All these things are much more easily arranged in private practice than in hospital practice. My view is that, whether the patient is paying for treatment directly [through] private fees, or indirectly by the taxation which finances the Health Service, he is entitled to feel that the time he spends with the therapist is his time; and that this should not be diminished by interruptions.”
* From his Obituary notice in The Guardian: “Anthony Storr … was Britain’s most literate psychiatrist. A prolific author, journalist and radio and television commentator, he was widely respected as a fount of wisdom and good sense in a profession not particularly noted for such qualities [?!]. Like other kind and compassionate men, he was no stranger to suffering at formative stages of his life.
Born in London, Storr was a solitary, friendless child, plagued by frequent illness, including severe asthma and septicaemia, from which he nearly died. He was the youngest of four children, separated by 10 years from his closest sibling. His father, Vernon Faithfull Storr, sub-dean of Westminster Abbey, was 51 when Anthony was born, and his mother, Katherine Cecilia Storr, was 44. They were first cousins, and their consanguinity probably accounted for his asthma, from which he, like two of his siblings, suffered for most of his life.

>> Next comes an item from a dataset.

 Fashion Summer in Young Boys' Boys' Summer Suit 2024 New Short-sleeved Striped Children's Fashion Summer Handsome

He also seems to have inherited from his mother a tendency to occasional episodes of depression.
Growing up in the privileged seclusion of Dean’s Yard, Westminster, as virtually an only child, Storr was particularly affected by the trauma, shared by most boys of his class and time, of being sent away to a boarding prep school at the age of eight. There, and later at Winchester College, he was bitterly unhappy. Having been deprived of a childhood peer group in which to learn the skills of comradeship, he was ill-prepared for the rigours of boarding-school life. Extremely slow to make friends, and showing little proficiency for games, he was bullied, and made only average academic progress. Though utterly miserable, it never occurred to him to complain to his parents, or attempt to run away, because boarding school was then a fact of life. But the sense of being a loner never left him, and was to affect the course of his career, as well as the content of his books.”

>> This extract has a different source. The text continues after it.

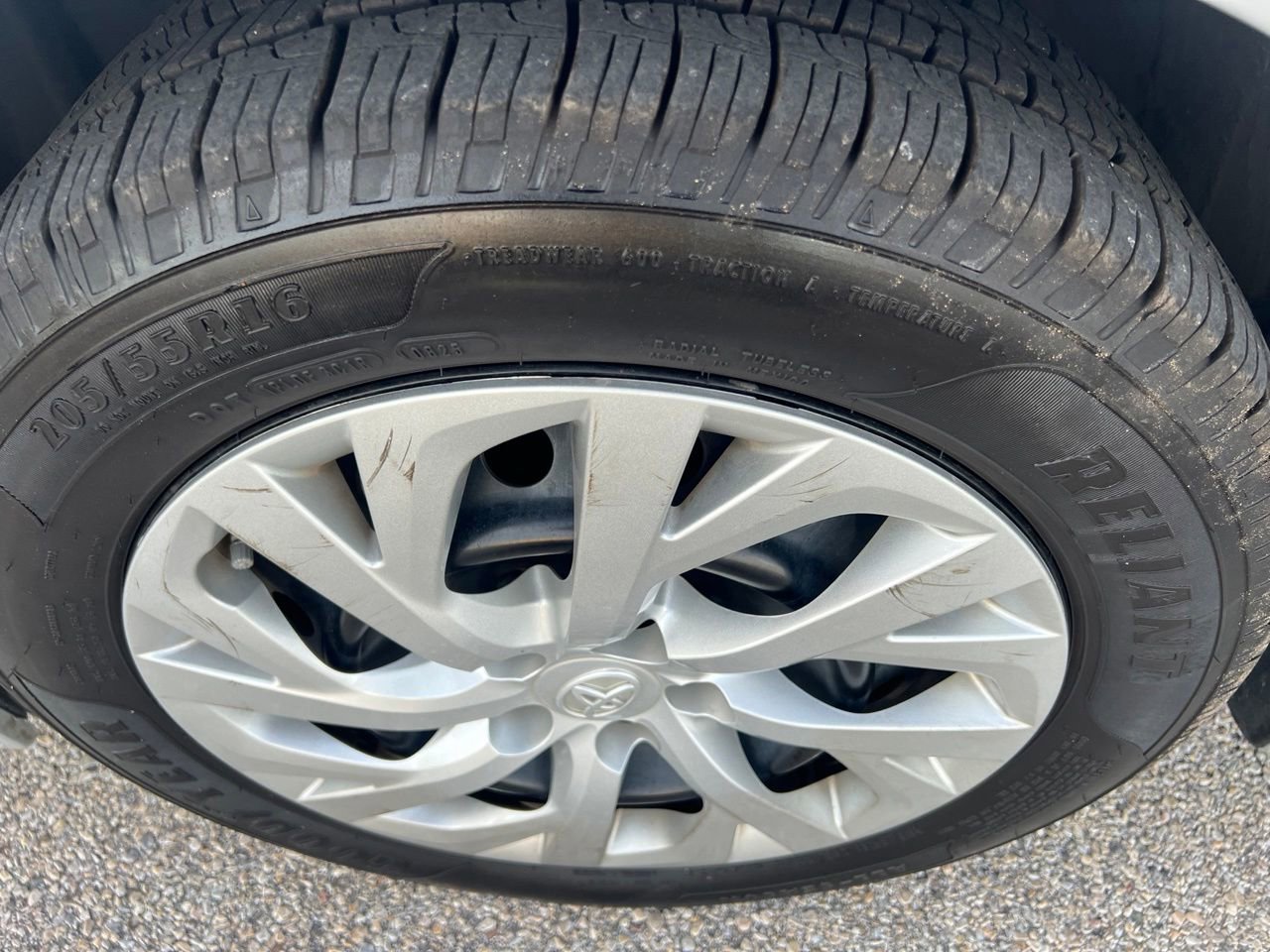 Used 2019 Toyota Corolla LE FWD image 16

(Dr. Sidney Theodore Freedman, played by Allan Arbus in the television series M*A*S*H, is a psychiatrist frequently summoned in cases of mental health problems.’ Sidney represents conditions for psychotherapeutic practice well outside the scope of Storr’s suggested considerations and instructions for the spatial setting of psychoanalytic therapy.)
Further Reading: Chapter 6, “Structural Manifestations: The Symbols of Power,” in David Heller’s Power in Psychotherapeutic Practice (Human Sciences Press, 1985): 109-121.